Nielsen are a media research firm in the US that's been collecting and reporting demographic data of television viewership since the 50s, but this particular data gathering method relied upon poverty: getting $2 gets your attention, and being promised future money in exchange for 'just watching TV' and writing down what you watch- who wouldn't?

who wouldn't write down more information about themselves than the fucking census requires in exchange for a couple boxes of ramen?

Nielsen survey, asking questions like "Do you have access to the Internet", "How frequently does anyone answer the landline phone in your home?" and "Which language is spoken most often in your home?"

for decades, data like this was used to decide if TV shows got to keep going.

surveys, direct interviews, and boxes they'd install in your home and plug into your TV; Nielsen would mix all of this to concoct an algorithm showing Who was watching What, Where, and When, then sell advertisers on the Why.

thus, what future Content Units and Time Slots were primed for placing advertisement on.
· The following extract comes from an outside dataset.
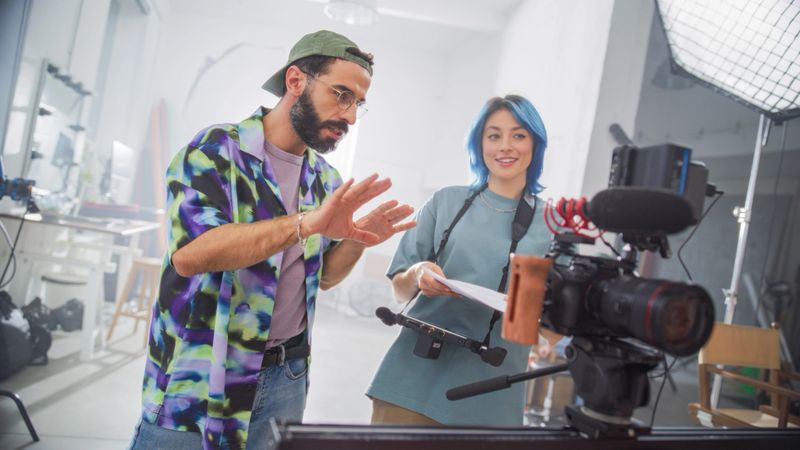 Young Latin Male Director With Beard And Caucasian Female With Blue Hair Discuss Over A Script In A Well-equipped Film Studio, Surrounded By Professional Camera And Lighting Equipment.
but we're now in the era of streaming. of ad blocking and piracy and passwords easily shared. where the best way to scrape someone's information is convincing them to give it up willingly on the internet- but those numbers aren't all that useful for television as a medium. even streaming shows that do well on computers aren't guaranteed for television numbers

times have changed!

to many right now, $2 and $5 are pretty much interchangeable amounts of 'free' money. either so little as to not matter, or not worth the extra labor of tracking your viewing habits for a week to get lunch for a day

people either don't want to bother with a box to plug into their screen, or can't afford a screen for it to be plugged into at all... wait a minute.

a demographic that's been barred systemically from what's considered "necessary" in today's society?! that's a lot of words to say 'untapped market'!

TELLY: It's a Free TV For You, Jim!

Two Screens, No Apps- It's Free!

Fast Company article from mid 2023 by Jared Newman titled "Telly's wild idea: Free TVs with inescapable ads."

i'm not carrying these ads around all day, its for YOUR house

i, like many chosters here i'm sure, was first made aware of the... dual-screen e-waste any% run known as Telly, by @atomicthumbs posting a pic the other day. the first thing i thought when i saw it was "oh it's like if the Nielsen Box was the TV itself"

looking into it, i was right on the concerningly-crisp money

a professional venture capitalist and occasional CEO of the concept of venture capital, business boy Ilya Pozin is best known for making Pluto- the Cable of internet streaming.

Screen-grab of Pluto, streaming service for live TV. Star Trek TOS is playing.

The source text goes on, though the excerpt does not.